Venus de Milo. Alexandros of Antioch,Dine and Dali.

New York, 6 Avenue
New York, 6 Avenue
Jim Dine is a contemporary American visual artist who was born in 1935.  Jim Dine has had numerous gallery and museum exhibitions, including at the Philadelphia Museum of Art and at the  Museum of Modern Art.


 In the early 1960s Dine produced pop art with items from everyday life. These provided commercial as well as critical success, but left Dine unsatisfied. Since the late 1980s, the artist  has sketched and studied Greek and Roman sculpture, and the form of the Venus de Milo has become one of his favorite themes, depicted in a variety of media.
New York, 6 Avenue
Cleveland
These are three of Jim Dine's sculptures collectively entitled "Looking Toward The Avenue" installed in 1989 in the small plaza on the east side of Sixth Avenue at west 53rd  and 54th Streets in Manhattan. The verdigris bronze statues  emerge from a water pool.    These sculptures  are based on Venus de Milo, a masterpiece from the 2nd century BC.  Another Venus, the largest of all of Dine's sculptures, is installed above the entrance to Cleveland's new, 22-story Carl B. Stokes Court House.
Venus de Milo. Paris, Louvre Museum
These statues were inspired by  the Venus de Milo, a masterpiece of the 2nd century BC.  The Venus de Milo was sculpted   by the artist Alexandros of Antioch as a depiction of the Greek goddess of love, Aphrodite and  is the most famous sculpture and, after the Mona Lisa, the most famous work of art in the world. It is currently on permanent display at the Louvre Museum in Paris.
The statue was discovered in 1820 on Milos island in Greece , when farmers dug up stones for their houses. Originally she was painted and adorned with accents, such as ear rings and a bracelet, intended to give her a more life like appearance. In her left hand she held an apple, the symbol of Milos, and her right arm was across her torso. The golden apple is also the symbol of her being “the fairest of the goddesses.”
The statue was found in two large pieces (the upper torso and the lower draped legs) along with several fragments. A farmer   tried to hide the statue in his stone house, but Turkish officials later seized it. The French naval officer  realized its importance and made arrangements to purchase it from Turkey. The statue was taken to France by boat and after repair work, was offered to Louis the XVIII. He presented it to the Louvre museum where it can still be seen.
Salvador Dali, Venus with drawers
Venus de Milo  image is reproduced in advertisements, on covers of CDs, even as saltshakers. But she has also inspired artists such as Cézanne, Dali and  Magritte.   

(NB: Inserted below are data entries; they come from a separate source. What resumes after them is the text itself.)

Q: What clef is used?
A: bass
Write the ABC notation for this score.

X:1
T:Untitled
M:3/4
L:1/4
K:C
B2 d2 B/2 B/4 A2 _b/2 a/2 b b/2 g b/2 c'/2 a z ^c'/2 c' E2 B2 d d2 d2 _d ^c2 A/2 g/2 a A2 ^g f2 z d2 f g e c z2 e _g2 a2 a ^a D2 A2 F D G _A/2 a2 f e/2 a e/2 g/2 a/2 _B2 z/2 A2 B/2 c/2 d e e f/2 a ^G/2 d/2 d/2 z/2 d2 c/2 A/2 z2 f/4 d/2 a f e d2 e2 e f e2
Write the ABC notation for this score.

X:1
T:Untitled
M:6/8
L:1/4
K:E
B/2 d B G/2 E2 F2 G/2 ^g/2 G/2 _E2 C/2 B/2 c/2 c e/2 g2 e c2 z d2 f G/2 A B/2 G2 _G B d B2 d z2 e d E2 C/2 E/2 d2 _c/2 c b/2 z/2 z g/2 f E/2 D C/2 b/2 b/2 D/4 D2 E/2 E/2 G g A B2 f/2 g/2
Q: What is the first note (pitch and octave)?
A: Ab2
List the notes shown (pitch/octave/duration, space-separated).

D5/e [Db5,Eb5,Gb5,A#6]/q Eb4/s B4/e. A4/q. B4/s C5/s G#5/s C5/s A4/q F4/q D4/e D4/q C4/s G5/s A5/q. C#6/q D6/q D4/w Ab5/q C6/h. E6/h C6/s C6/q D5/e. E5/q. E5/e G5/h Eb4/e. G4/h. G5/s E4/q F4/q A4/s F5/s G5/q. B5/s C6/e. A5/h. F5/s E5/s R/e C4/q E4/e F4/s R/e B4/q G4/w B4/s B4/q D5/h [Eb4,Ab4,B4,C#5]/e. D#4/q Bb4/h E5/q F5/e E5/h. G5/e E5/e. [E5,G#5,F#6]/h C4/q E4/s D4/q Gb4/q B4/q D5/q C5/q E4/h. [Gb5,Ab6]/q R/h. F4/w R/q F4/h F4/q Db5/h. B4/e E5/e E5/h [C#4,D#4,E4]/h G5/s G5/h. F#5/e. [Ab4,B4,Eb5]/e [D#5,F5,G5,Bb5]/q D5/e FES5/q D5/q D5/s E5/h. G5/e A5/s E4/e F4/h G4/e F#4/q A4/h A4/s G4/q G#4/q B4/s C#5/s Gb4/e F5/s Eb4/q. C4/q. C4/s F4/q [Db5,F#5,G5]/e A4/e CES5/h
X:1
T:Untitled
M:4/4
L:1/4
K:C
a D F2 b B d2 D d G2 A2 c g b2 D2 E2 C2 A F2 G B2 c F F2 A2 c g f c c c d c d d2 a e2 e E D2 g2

Spanish artist  Salvador Dali   used  a statue as a model  for  ‘Venus de Milo with drawers’ .As a child, Dali's first sculpture was a clay copy of the Venus de Milo.  For 1936 Surrealist object, Dali cuts six drawers into Venus, transforming the Greek goddess into a piece of living furniture, a visual pun on the phrase "chest" of drawers, also known as a bureau. The drawers are a metaphor for the way Freudian psychoanalysis opens the hidden areas of the unconscious.   Dalí said: “The only difference between the immortal Greece and contemporary times is Sigmund Freud, who discovered that the human body, purely platonic at the Greece epoch, nowadays is full of secret drawers that only the psychoanalysis is capable to open”.